Back in 2018, account-metadata was built mainly to put some random (and not so used) information that, to be honest, there was no other place to put them. We needed a bit of structure and query power and it should be easy to scale it, so we pick the provisioned DynamoDB by AWS. Just to make it clear here, that, we’re aware that the system could grow, also the company was quite big already and the average load was challenging. However, there was no way we could figure out that we would go from 10k requests per minute (rpm) to 200k and then to 2MM rpm.
After the first release of this microservice, there was not much usage (compared to other microservices in the Account & Identity team). However, a few weeks later and some business decisions made, the system became very important and it would be one of the first calls that the mobile app would do to get all that info about the customer.

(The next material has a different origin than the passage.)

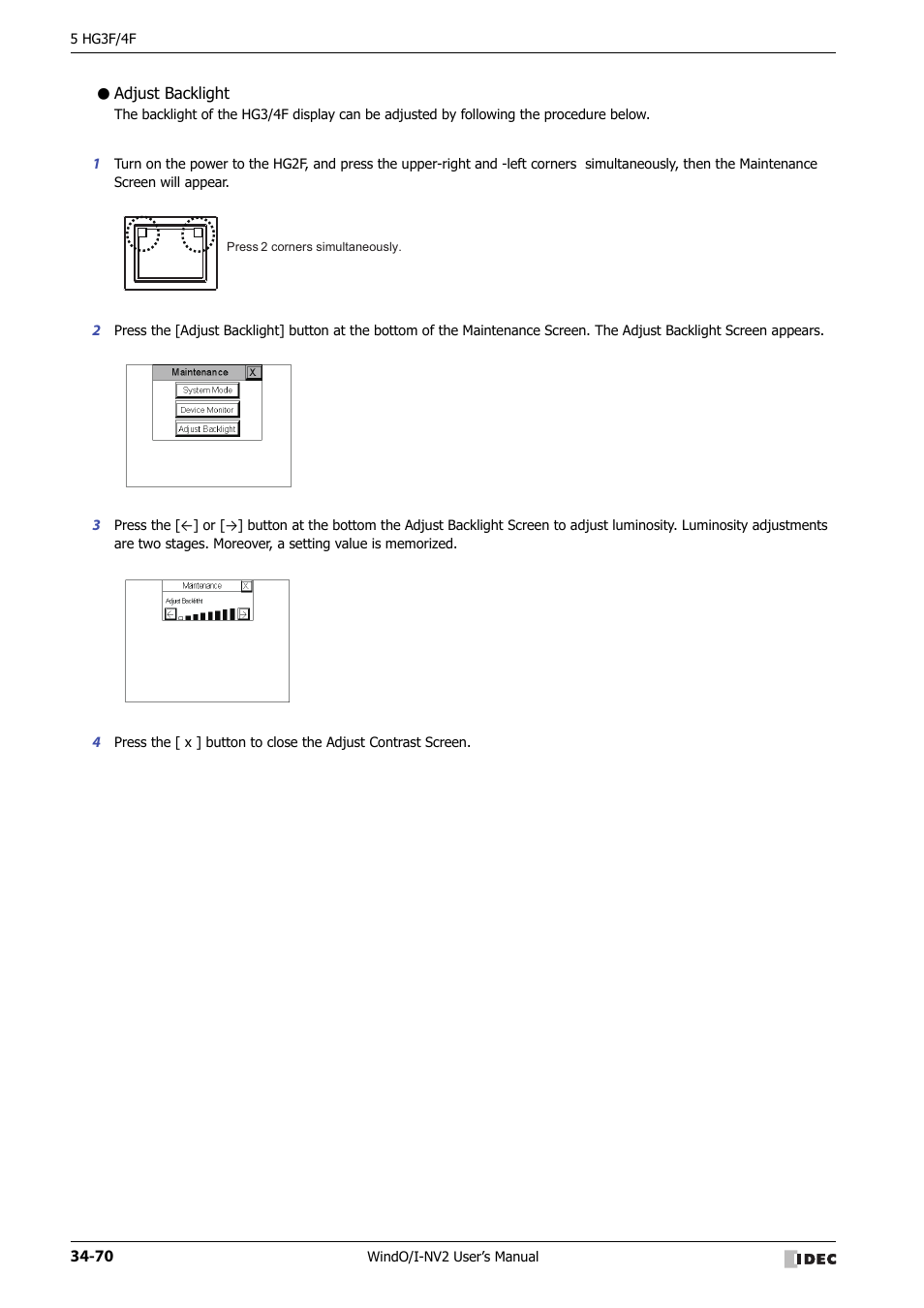 Adjust backlight | IDEC High Performance Series User Manual | Page 1386 / 1448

Few months after that decision, other teams started to see the account-metadata as a nice place to put info that was split into multiple places and that was hard to relly on. Also, we started to create more aggregations that would make the life of other microservices really easier, increasing the importance of the system and that’s just spread its popularity and importance inside other teams. Now, account-metadata is called every time a user opens the app and by many teams in very different contexts.
And that’s a very, very short summary of what happened and how the system became so important from 2018 until now. During this period, the team (me plus eight really brilliant people that I’m very lucky to work with) actively worked on it, but not exclusively. We’re still patching, developing, and maintaining the other ten microservices that we own.
We did a bunch of changes and to describe all the scenarios that we went through would take too much time, so I’m writing bellow the current architecture that we have to be able to healthy deliver 2 MM requests per minute. Finally, it’s time to dive into the technical part.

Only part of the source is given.